_Recorded data_.
----

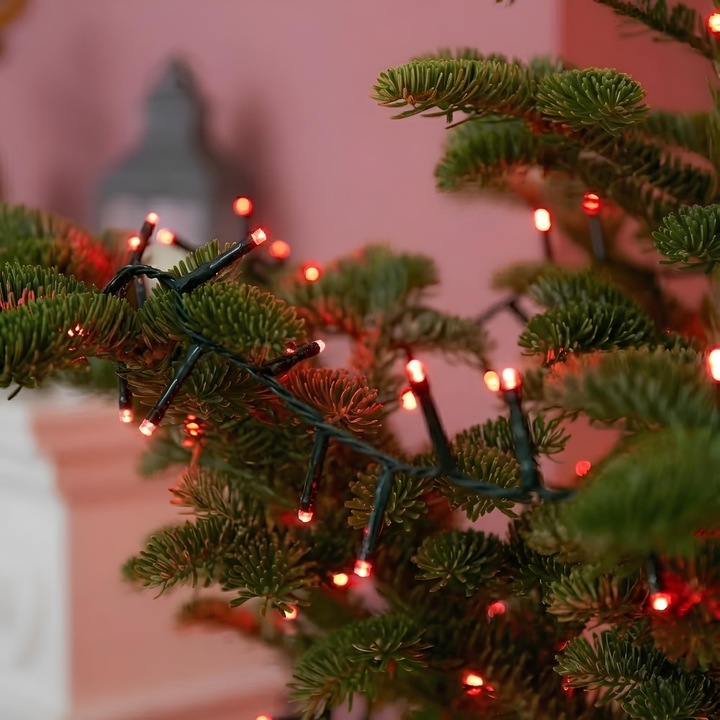 Anedius karácsonyi fényfüzér fára, 9m, 100 LED, 8 fénymód, Piros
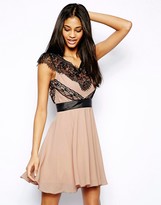 Thumbnail for your product : Elise Ryan Contrast Skater Dress in Eyelash Lace
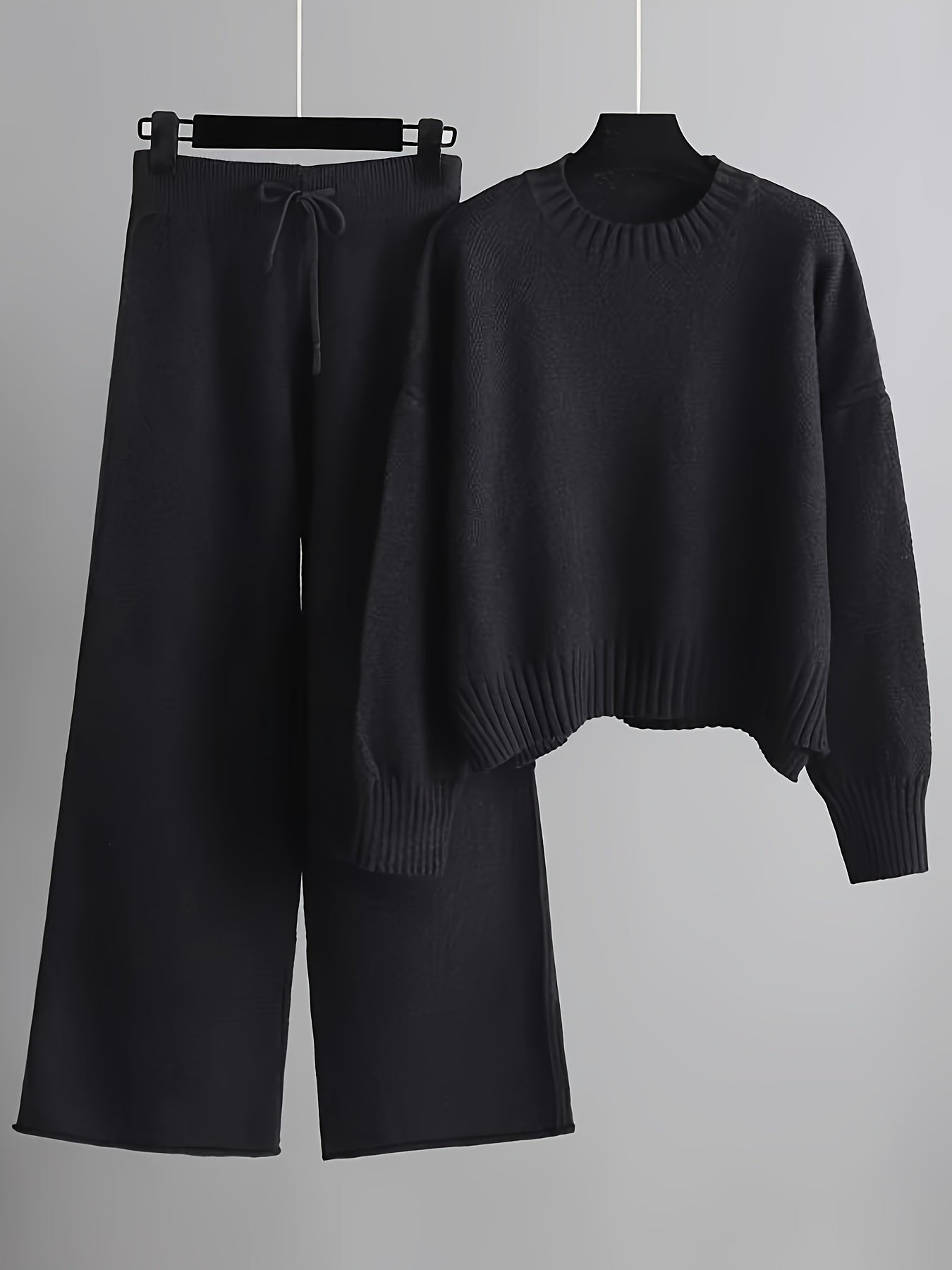Damen-Set aus Strickpullover und Hose mit weitem Bein – lässig, langärmlig, einfarbig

----

_Exercise brief_. Pictures aside, reproduce all of the material above without alteration.

_Response for this exercise_.
 Anedius karácsonyi fényfüzér fára, 9m, 100 LED, 8 fénymód, Piros
 Thumbnail for your product : Elise Ryan Contrast Skater Dress in Eyelash Lace
Damen-Set aus Strickpullover und Hose mit weitem Bein – lässig, langärmlig, einfarbig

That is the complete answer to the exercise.